Cosa sente di promettere al Presidente De Laurentiis?

“Abbiamo fatto una conferenza di promesse (ride ndr). Scherzi a parte, non posso promettere di dire sempre la cosa giusta, perché posso anche vedere qualcosa in maniera sbagliata, ma posso promettere di dire sempre quello che penso. Sono una persona estremamente diretta, penso che il Presidente se ne sia accorto e che lo apprezzi, non mi piace dire le cose per vie traverse. Sono molto chiaro con la società, con i media e anche con i tifosi, sempre. Oggi ho parlato molto perché è giusto conoscerci, ma generalmente per me più si fa, meno si dice e meglio è”.

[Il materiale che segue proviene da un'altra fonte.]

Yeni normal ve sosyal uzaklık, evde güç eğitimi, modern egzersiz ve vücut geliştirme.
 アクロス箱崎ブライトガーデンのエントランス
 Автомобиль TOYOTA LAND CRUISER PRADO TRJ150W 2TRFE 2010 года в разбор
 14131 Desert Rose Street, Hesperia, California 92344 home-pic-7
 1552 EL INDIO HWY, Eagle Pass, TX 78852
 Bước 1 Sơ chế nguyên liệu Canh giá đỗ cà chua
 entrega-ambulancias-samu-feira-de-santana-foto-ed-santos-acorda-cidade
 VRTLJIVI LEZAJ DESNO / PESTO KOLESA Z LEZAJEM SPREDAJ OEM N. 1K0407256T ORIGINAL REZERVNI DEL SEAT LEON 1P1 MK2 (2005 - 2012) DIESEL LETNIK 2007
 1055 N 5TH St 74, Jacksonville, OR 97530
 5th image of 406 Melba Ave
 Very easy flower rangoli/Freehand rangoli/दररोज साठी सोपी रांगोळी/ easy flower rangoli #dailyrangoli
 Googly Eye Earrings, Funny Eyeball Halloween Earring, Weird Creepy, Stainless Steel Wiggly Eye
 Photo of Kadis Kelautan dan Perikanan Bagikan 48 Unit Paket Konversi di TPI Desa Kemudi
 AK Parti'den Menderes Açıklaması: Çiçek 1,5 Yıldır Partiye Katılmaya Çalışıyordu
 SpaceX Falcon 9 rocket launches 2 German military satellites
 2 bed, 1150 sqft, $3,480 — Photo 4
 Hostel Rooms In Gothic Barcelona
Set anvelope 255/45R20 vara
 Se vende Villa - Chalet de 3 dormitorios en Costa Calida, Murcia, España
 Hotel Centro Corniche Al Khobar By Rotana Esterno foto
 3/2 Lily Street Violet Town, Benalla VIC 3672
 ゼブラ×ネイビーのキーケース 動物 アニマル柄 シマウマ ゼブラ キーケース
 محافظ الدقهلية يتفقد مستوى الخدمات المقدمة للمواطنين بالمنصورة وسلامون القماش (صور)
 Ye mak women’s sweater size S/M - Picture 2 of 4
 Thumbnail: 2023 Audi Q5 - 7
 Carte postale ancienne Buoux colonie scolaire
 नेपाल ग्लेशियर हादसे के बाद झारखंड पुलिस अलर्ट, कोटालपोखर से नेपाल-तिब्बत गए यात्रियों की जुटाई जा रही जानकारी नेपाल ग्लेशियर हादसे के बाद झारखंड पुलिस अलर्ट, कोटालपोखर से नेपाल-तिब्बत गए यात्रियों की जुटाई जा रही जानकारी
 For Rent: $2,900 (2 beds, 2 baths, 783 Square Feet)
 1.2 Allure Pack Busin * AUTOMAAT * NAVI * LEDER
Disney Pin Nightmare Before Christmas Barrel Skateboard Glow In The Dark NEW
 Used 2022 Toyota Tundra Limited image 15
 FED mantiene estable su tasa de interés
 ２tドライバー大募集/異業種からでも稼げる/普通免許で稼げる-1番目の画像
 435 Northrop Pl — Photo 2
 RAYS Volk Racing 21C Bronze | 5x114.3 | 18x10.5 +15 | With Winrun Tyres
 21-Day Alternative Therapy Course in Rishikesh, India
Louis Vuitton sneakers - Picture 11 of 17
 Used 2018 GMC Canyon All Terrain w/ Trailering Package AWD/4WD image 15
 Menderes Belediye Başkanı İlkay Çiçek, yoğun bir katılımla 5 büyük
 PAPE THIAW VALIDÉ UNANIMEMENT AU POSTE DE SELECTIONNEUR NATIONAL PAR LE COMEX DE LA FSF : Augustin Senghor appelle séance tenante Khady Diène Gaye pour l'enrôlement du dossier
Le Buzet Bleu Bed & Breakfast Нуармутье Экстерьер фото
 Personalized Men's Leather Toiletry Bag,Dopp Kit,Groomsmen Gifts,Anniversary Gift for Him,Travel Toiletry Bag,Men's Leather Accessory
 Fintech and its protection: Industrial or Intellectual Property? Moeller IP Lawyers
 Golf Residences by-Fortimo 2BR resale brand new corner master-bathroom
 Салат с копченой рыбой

Il Presidente ha detto di aver imparato lo scorso che è giusto lasciar andare chi vuole andare via. Lei ha aggiunto oggi che avrà controllo totale su arrivi e partenze. Se un giocatore che lei vuole tenere affermerà di essere scontento e voler andare altrove, come pensa di comportarsi?

“Io un’altra cosa che voglio cambiare, in questi miei tre e spero anche più anni qui, è che Napoli deve essere vista non come una tappa di passaggio, ma come una meta. Se ogni anno arriva qualcuno col mal di pancia e lo ascoltiamo, che cosa si costruisce? Se un giocatore è scontento sta con me. Può mettersi al mio fianco, ci raccontiamo qualcosa, mi dà una mano negli allenamenti, troviamo qualcosa di divertente da fare. Non ho mai capito il discorso dell’essere scontento, la decisione riguardo a qualsiasi calciatore sarà solo ed esclusivamente mia. Patti chiari, amicizia lunga”.